Madam Speaker, 87 treaties have been signed and, from what I can see, only one of them was signed with a country that would be seen as a tax haven, and that is the country of Barbados. Having signed the agreement with Barbados, one would think we would be able to determine, with some degree of accuracy, how much progress we have made in turning around the tax haven status of the island of Barbados.
As the Bloc member pointed out, Bermuda, Barbados and the Cayman Islands had an increase in investment from $30 billion to $90 billion. We do not have tax conventions with Bermuda or the Cayman Islands. If the intention here is to cut off the tax havens, then why do we not go out and try to sign tax treaties with the worst offenders of the tax havens? However, we are not doing that. We are signing them with countries that evidently we do not have a problem with them being tax havens. The minister, if this whole idea was working, presumably in his speech would have singled Barbados out.
He would have said, as the member for Kings—Hants would say, “Well, we signed this agreement with Barbados, and look at the huge improvement we have had in their tax haven status. They have gone from being a tax haven to a non-tax haven”.
That is not what the Bloc member described this morning.

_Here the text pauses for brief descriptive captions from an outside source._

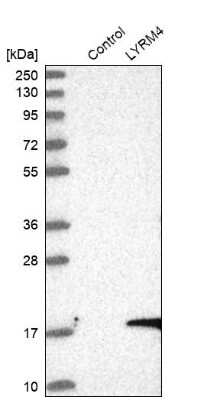 Western Blot: LYRM4 Antibody [NBP1-86762]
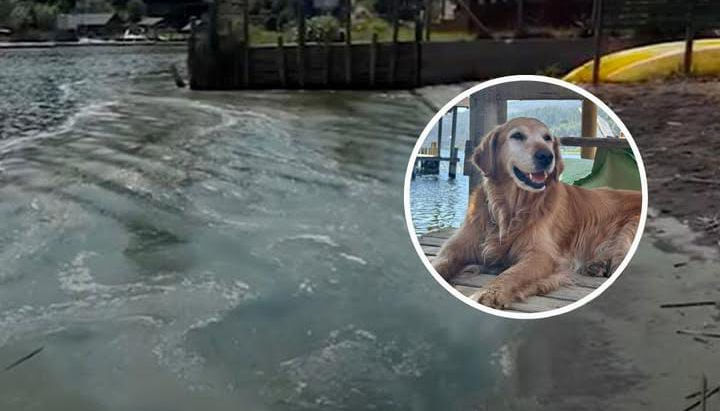 Grave crisis ambiental en Vichuquén: bacteria tóxica en el lago provoca muerte de animales y alarma en la comunidad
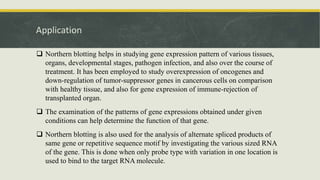 Application
 Northern blotting helps in studying gene expression pattern of various tissues,
organs, developmental stages, pathogen infection, and also over the course of
treatment. It has been employed to study overexpression of oncogenes and
down-regulation of tumor-suppressor genes in cancerous cells on comparison
with healthy tissue, and also for gene expression of immune-rejection of
transplanted organ.
 The examination of the patterns of gene expressions obtained under given
conditions can help determine the function of that gene.
 Northern blotting is also used for the analysis of alternate spliced products of
same gene or repetitive sequence motif by investigating the various sized RNA
of the gene. This is done when only probe type with variation in one location is
used to bind to the target RNA molecule.
 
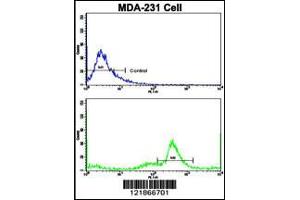 Flow cytometric analysis of MDA-231 cells using C5 Antibody (N-term)(bottom histogram) compared to a negative control cell (top histogram). (C5 antibody  (N-Term))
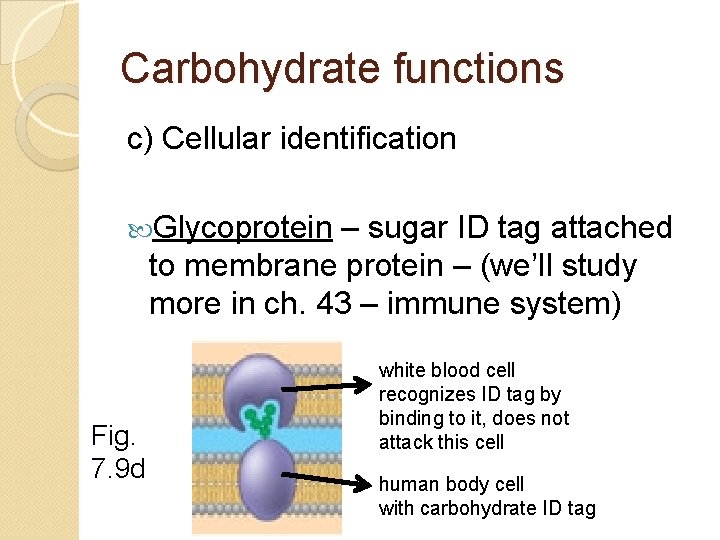 Carbohydrate functions c) Cellular identification Glycoprotein – sugar ID tag attached to membrane protein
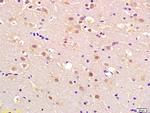 APEX2 Antibody in Immunohistochemistry (Paraffin) (IHC (P))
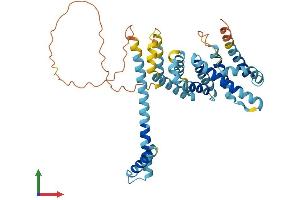 Protein Structure (PS) image for Meiosis-Specific 4 Homolog (MEI4) (AA 1-389) protein (His tag) (ABIN7558842)
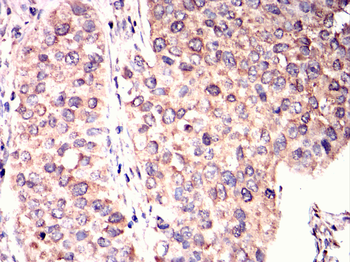 RBP4 Antibody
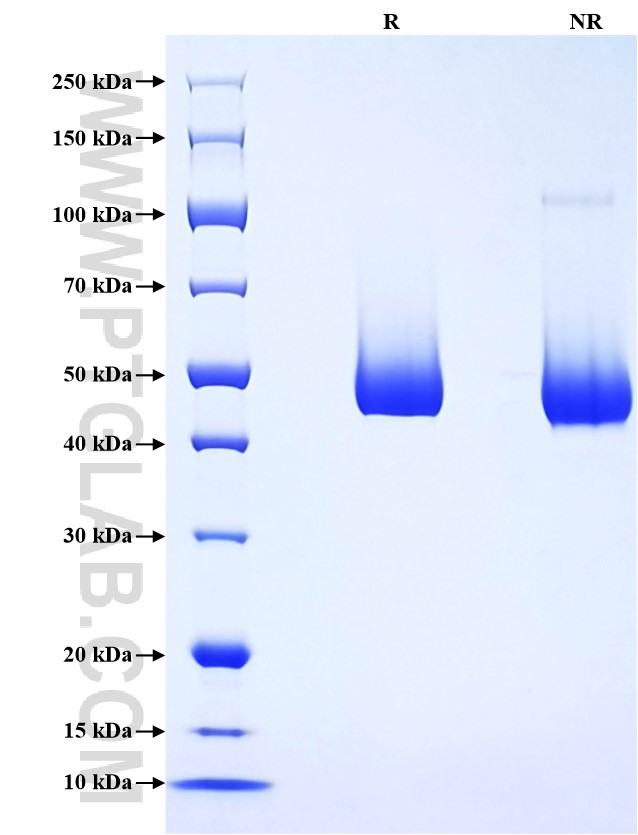 Purity of Recombinant Human Serpin F1 was determined by SDS-PAGE. The protein was resolved in an SDS-PAGE in reducing (R) and non-reducing (NR) conditions and stained using Coomassie blue.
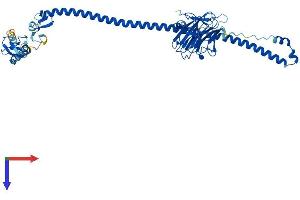 AlphaFold protein structure predicition of Mouse Recombinant Trim21 Protein, UniprotID Q62191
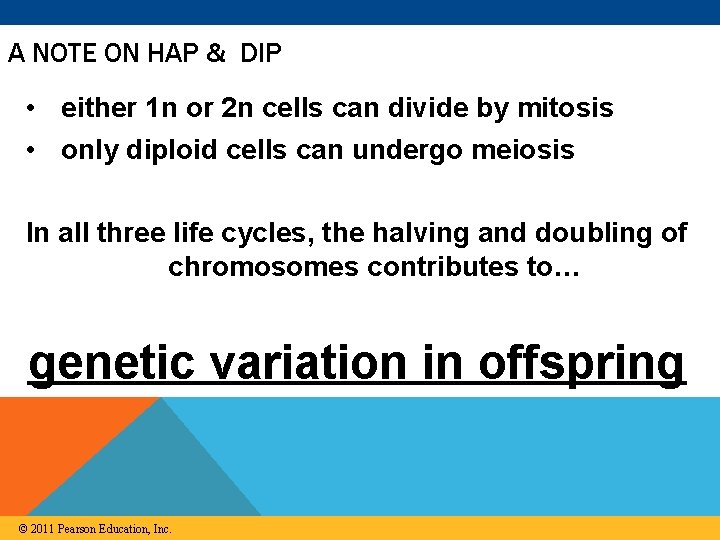 A NOTE ON HAP & DIP • either 1 n or 2 n cells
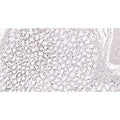 U-Blot® Ki67 Rabbit Monoclonal Antibody – Figure 1 of 4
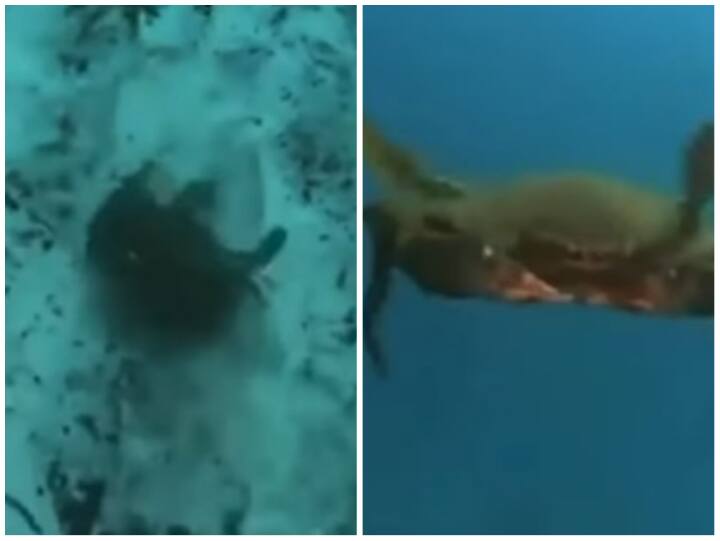 hungry crab attack a man under sea seen floating in Viral video Video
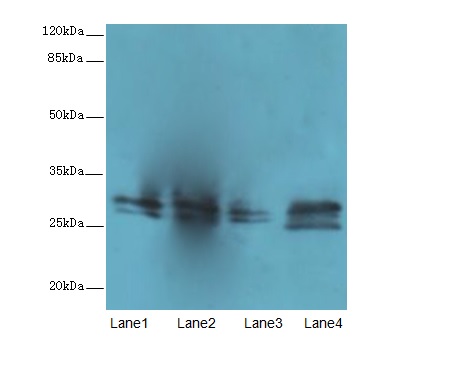 CD63 Antibody (OACA00261) using Thp-1,U87,A549,Mouse lung Western Blot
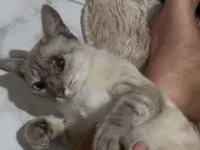 Gato raça SRD-ViraLata idade 1 ano nome Gatinha
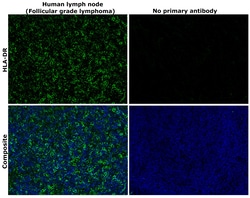 Invitrogen HLA-DR Recombinant Rabbit Monoclonal Antibody (SC06-78) 100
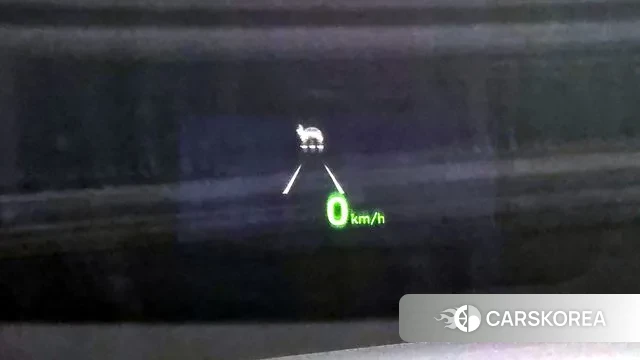 Genesis G90 id 3736720 из Кореи 7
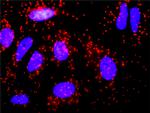 F8 Antibody in Proximity Ligation Assay (PLA) (PLA)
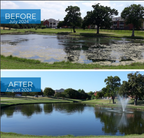 Bioshock Extreme (25 lbs), pond/lake management, natural way to remove algae, beneficial bacteria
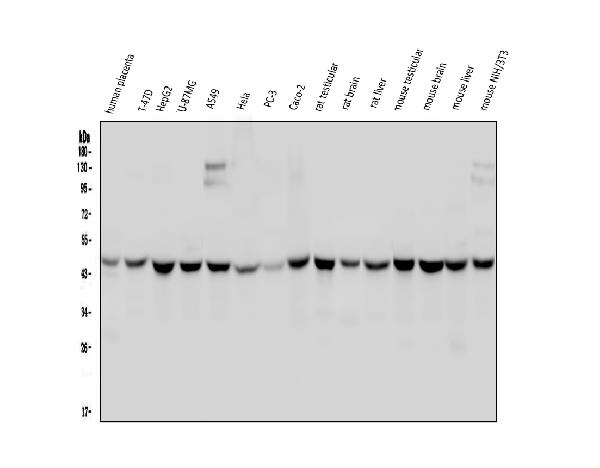 1 - Anti-WWOX Antibody Picoband™ (monoclonal, 3D10) ABO14825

The way he described the companies operating in Barbados, they clearly are still operating in a tax avoidance environment, which is not something the government should be trying to emulate.
I think that the government is operating on the basis that this whole agreement structure facilitates trade. If members read the speeches from the senators in the Senate, that is what they would notice in their speeches. It is all about trade and this is just one little piece in that whole idea that we are open for business and let us trade with one another.
It is just lip service being paid to shutting down tax havens. If that were the intention here, there would a different picture being presented in this situation.